The dangers of Stalinism in Labour

Submitted by Matthew on 1 March, 2017 - 8:54 Author: Martin Thomas

24 September 2016 gave me a condensed snapshot of the problems which are now generating unease among Jeremy Corbyn’s supporters in the Labour Party.

It was the opening day of Labour Party conference. A fringe event sponsored by the pro-Corbyn movement Momentum was just setting up. I knew already that the organisers of the event, The World Transformed, had banned stalls inside the meeting place for left-Labour newspapers and groups. We set up a stall for Solidarity and Workers’ Liberty on the pavement outside the event. We were asked by stewards to move across the road. They were worried about it “looking bad” that there were Trotskyists nearby.

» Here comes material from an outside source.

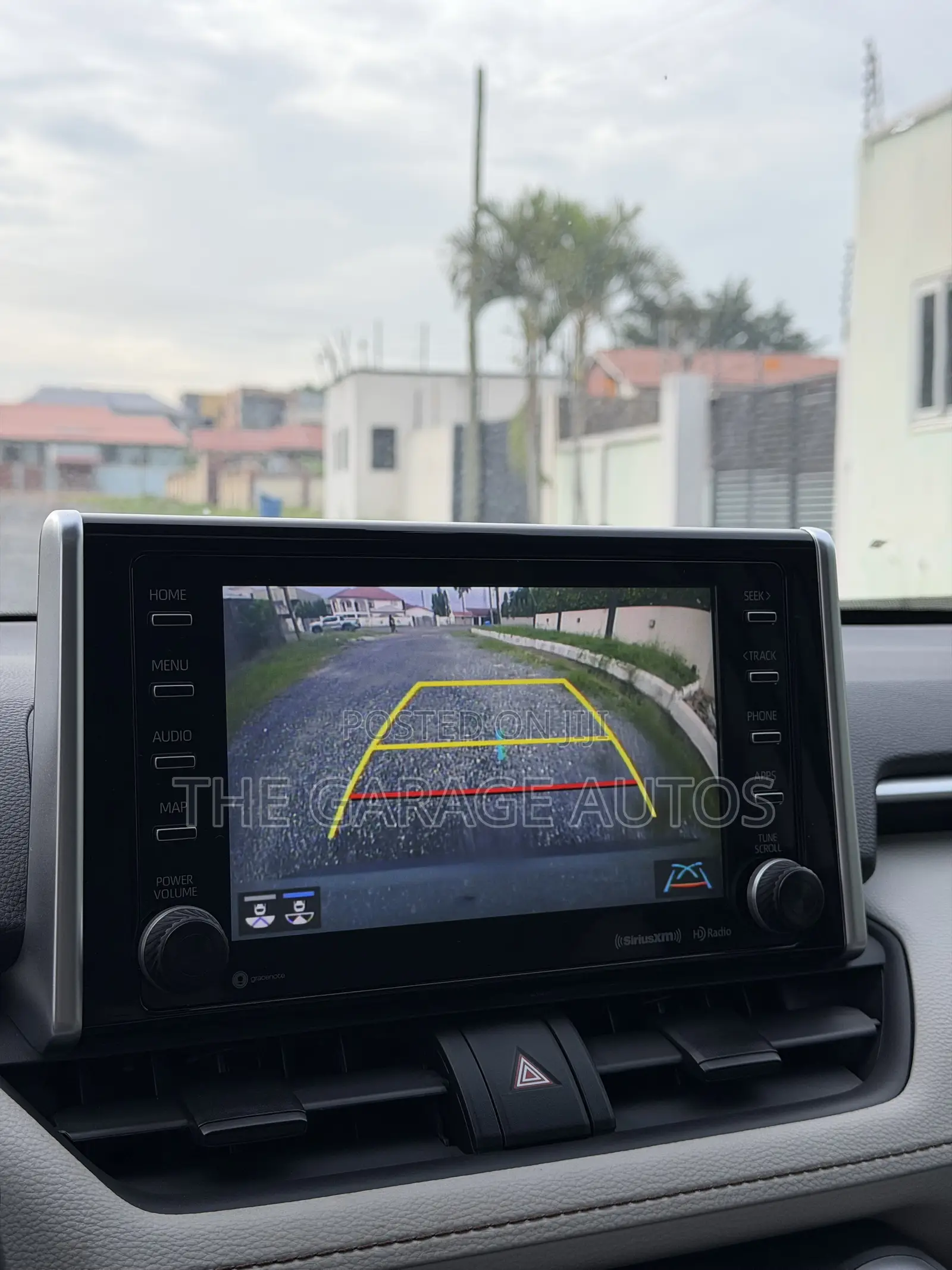 Toyota RAV4 XLE AWD 2020 Gray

Eventually they backed down. But inside, the Communist Party of Britain’s paper, the Morning Star, was featured on the event’s publicity as a sponsor, and the Morning Star was officially promoted inside the event. At the Labour Party conference itself, just down the road, neither Corbyn’s office nor the Momentum office were trying to use the political “capital” gained by Corbyn’s second Labour-leader election victory to help the great influx of left-minded new Labour members get left-wing policies through the 2016 conference. They made no effort to get Trident renewal onto the conference floor. Where that conference did pass left-wing policies — on the NHS — the Corbyn office has not taken them up.

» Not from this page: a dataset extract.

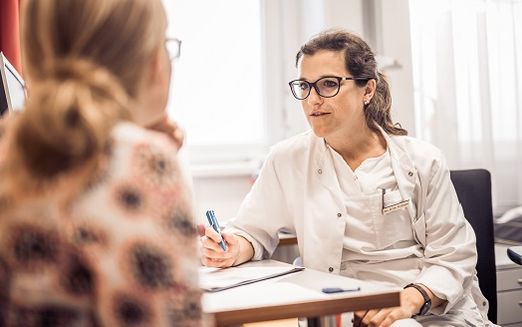 Ärztin und Patientin im Gespräch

Jeremy Corbyn had been re-elected leader with an increased majority, 313,209 votes or 61.8%, from a Labour Party membership which has grown now to 540,000 from a demoralised and mostly inactive rump of 150,000 before the 2010 election. Yet a raft of anti-democratic rule changes had been bounced through Labour’s National Executive by the right wing and were then bounced through a conference which was more right-dominated than any since 2009. Labour’s affiliated unions had officially agreed to support some timid but useful democratic changes to Labour Party structures. The Corbyn leadership never took them up on it. The Corbyn office has done nothing to help integrate the hundreds of thousands of new Labour Party members into activity.

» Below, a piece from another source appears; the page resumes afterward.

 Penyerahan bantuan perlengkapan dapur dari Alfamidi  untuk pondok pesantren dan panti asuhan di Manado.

Some 618 Labour Party members, many of them people who had remained active without reprisals in the Blair or Brown years, were “auto-excluded” (no hearing, no appeal) during the second leadership campaign, on suspicion of left-wing connections, and thousands suspended. Neither the Corbyn office nor (despite Momentum mandates) the Momentum office opposed the purge. Instead, in January, the Momentum office panicked about the danger of Momentum itself being purged, and respond by attacking the left.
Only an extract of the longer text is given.